■ ABOUT THIS EXERCISE
The reply should hold only the lines from the one with "Межкомнатная дверь Палаццо" to the one with "土地丈量歷史展廳設計方案，多媒體互動魚鱗圖冊專題展廳設計建設方案", both ends kept, exactly as they appear below, without any pictures.

───── LISTED RECORDS ─────

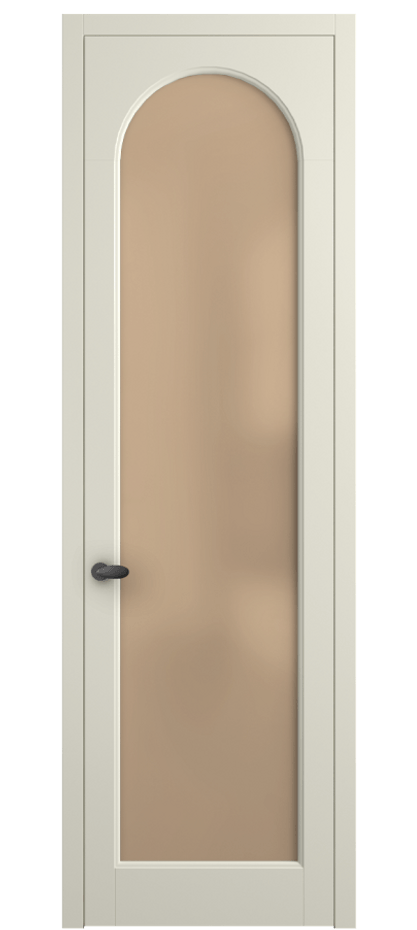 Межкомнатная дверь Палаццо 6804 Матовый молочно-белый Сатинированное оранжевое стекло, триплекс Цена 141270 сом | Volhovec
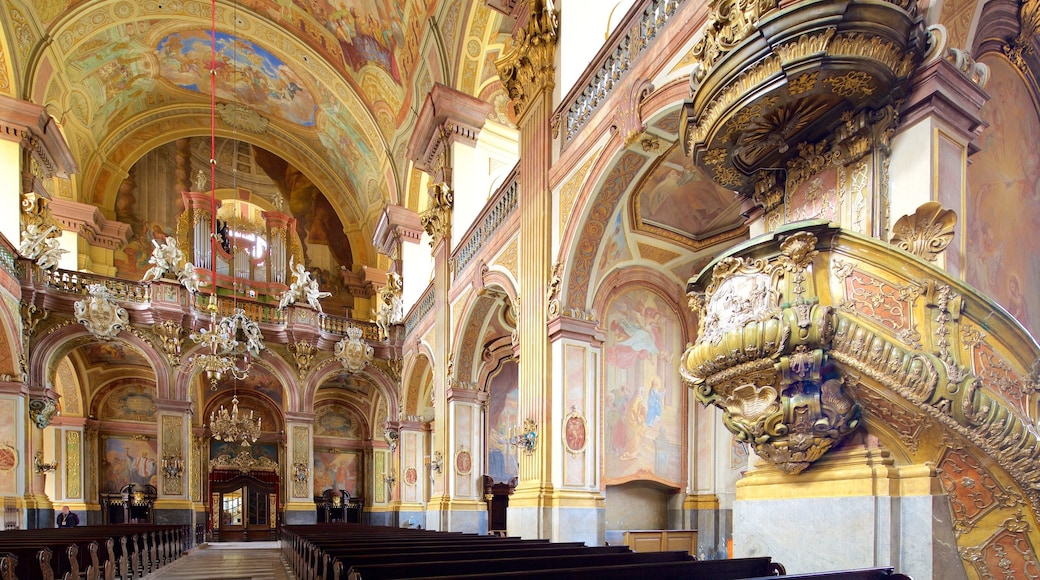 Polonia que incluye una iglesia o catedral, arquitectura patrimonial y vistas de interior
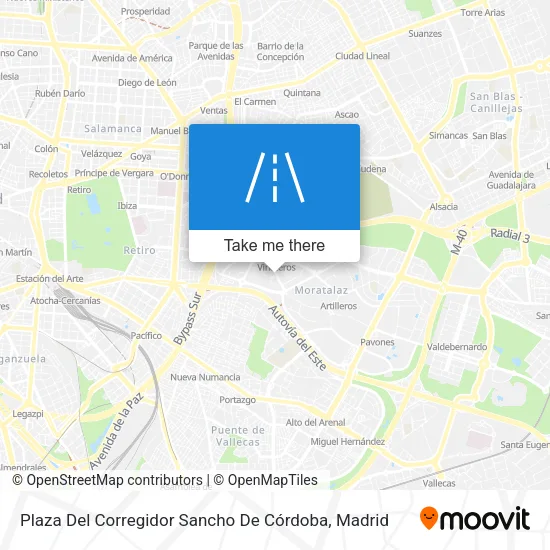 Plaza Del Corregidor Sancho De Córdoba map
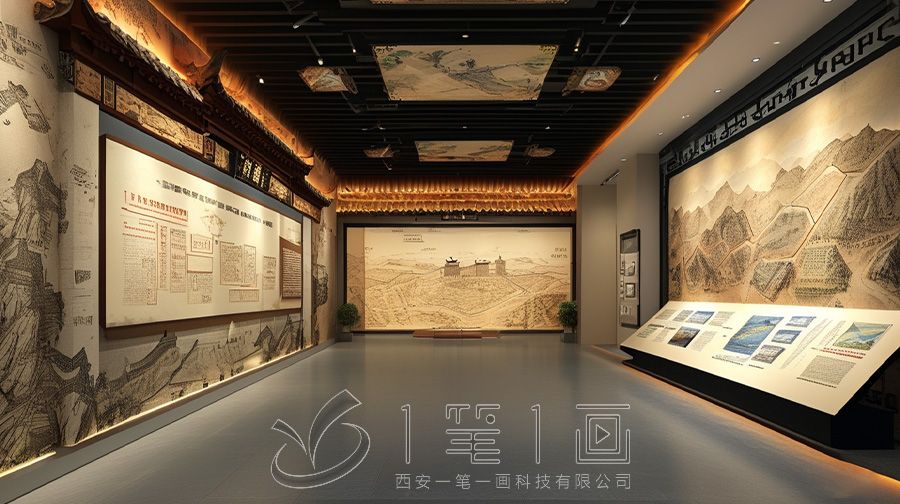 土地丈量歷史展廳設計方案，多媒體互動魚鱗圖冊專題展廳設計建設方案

─────
───── LISTED RECORDS ─────

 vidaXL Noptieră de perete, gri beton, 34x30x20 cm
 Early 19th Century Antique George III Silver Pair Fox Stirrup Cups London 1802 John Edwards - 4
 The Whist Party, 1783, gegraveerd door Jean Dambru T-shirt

─────

■ RESULT OF THE TASK
 Межкомнатная дверь Палаццо 6804 Матовый молочно-белый Сатинированное оранжевое стекло, триплекс Цена 141270 сом | Volhovec
 Polonia que incluye una iglesia o catedral, arquitectura patrimonial y vistas de interior
 Plaza Del Corregidor Sancho De Córdoba map
 土地丈量歷史展廳設計方案，多媒體互動魚鱗圖冊專題展廳設計建設方案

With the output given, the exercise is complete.